Asian markets down on sagging US tech earnings

A pedestrian gazes at information of Tokyo's Nikkei Stock Average during an afternoon trade session and other global markets in Tokyo.
A pedestrian gazes at information of Tokyo's Nikkei Stock Average during an afternoon trade session and other global markets in Tokyo. PHOTO: EPA

SINGAPORE - Asian markets opened lower following disappointing earnings from American tech giants Amazon and Twitter.

The Straits Times Index was down 0.87 per cent, shedding 29.26 points to 3325.5 at about 11.40am.

The Singapore market sag was in line with other Asian markets.

Sydney fell 1.3 per cent, Hong Kong shed 0.7 per cent while Tokyo was lower by 0.4 per cent.

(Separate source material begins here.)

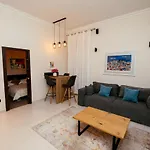 Harbour Deluxe شقة *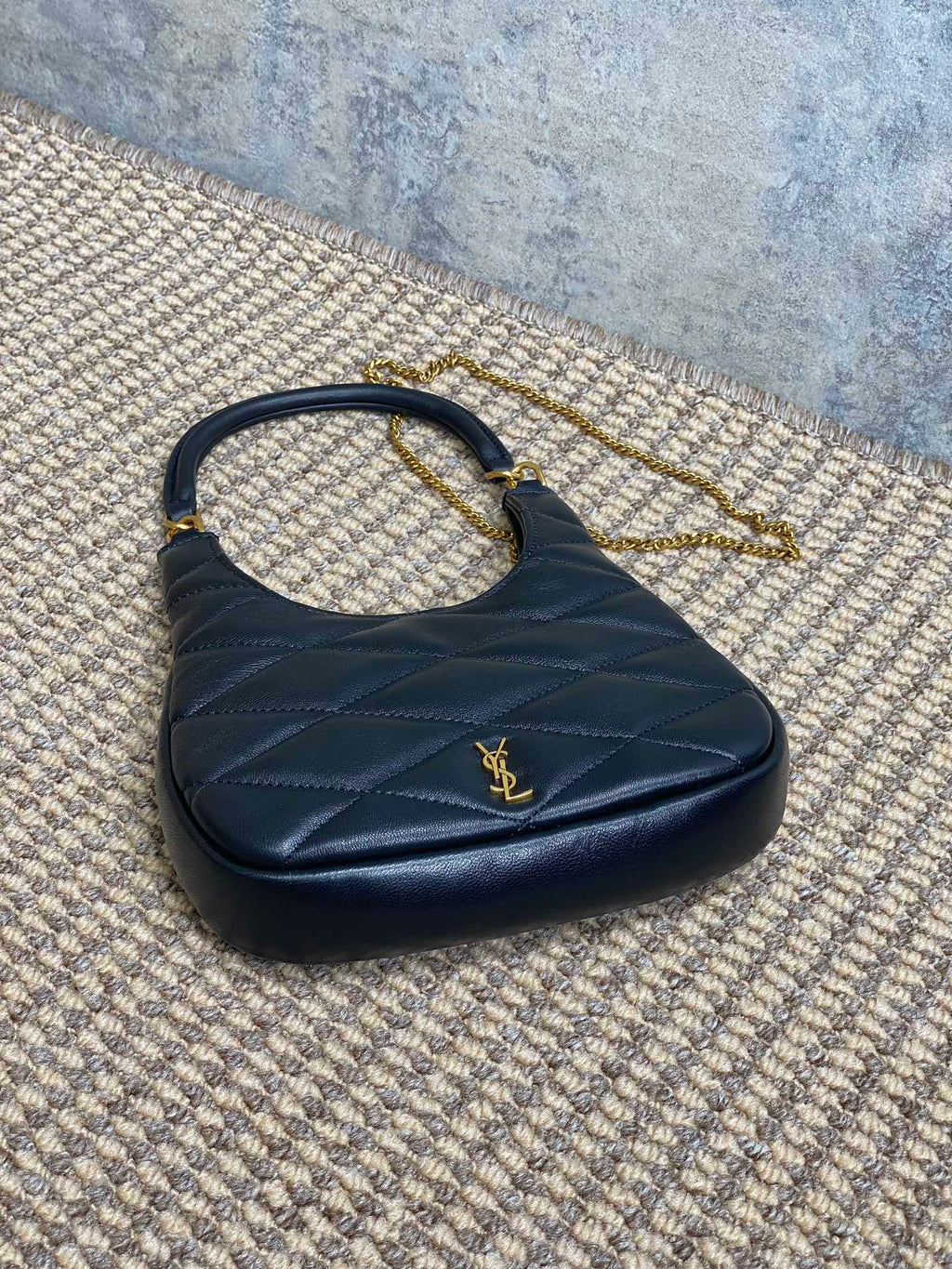SAINT LAURENT SADE HOBO 21 IN BLACK LAMBSKIN GOLD HARDWARE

Dragged down by technology shares, the Nasdaq lost 40 points, or 0.63 per cent.

Twitter shares were hammered after the company reported no gain in its user base in the past quarter, at 328 million monthly active users.

It reported a net loss of US$116 million (S$157.5 million) in the second quarter, slightly wider than its US$107 million loss for the same period last year.

Amazon reported that profit for the second quarter plunged 77 per cent, although its revenue grew 25 per cent from last year to US$38 billion.

The company attributed the fall to spending for the long-term future, which would include infrastructure and warehouse investments.

The world's largest online retailer has been expanding rapidly into new shopping categories and countries, including Singapore.

On Thursday, it announced its two-hour delivery service Prime Now in Singapore, as part of its expansion into South-east Asia.

In Singapore, among the market movers were Singapore Airlines and the local banks.

The airline company reported a return to profit this quarter after a surprise loss in the previous quarter. It rose 1.18 per cent, or 12 cents, to S$10.27.

While UOB grew its second quarter net-profit by 5.5 per cent, its shares were down in the morning by 2.28 per cent to S$24.04. DBS shares also edged downwards by 2.34 per cent to S$21.73.

CMC Markets analyst Margaret Yang said that investors were watching for the United States' GDP figures on Friday evening.

"The US dollar index rebounded last night as the euro retraced from its three-year high due to profit-taking activities. If tonight's GDP data shows strength in the US economy, the dollar could be supported, and set for a rebound," she said.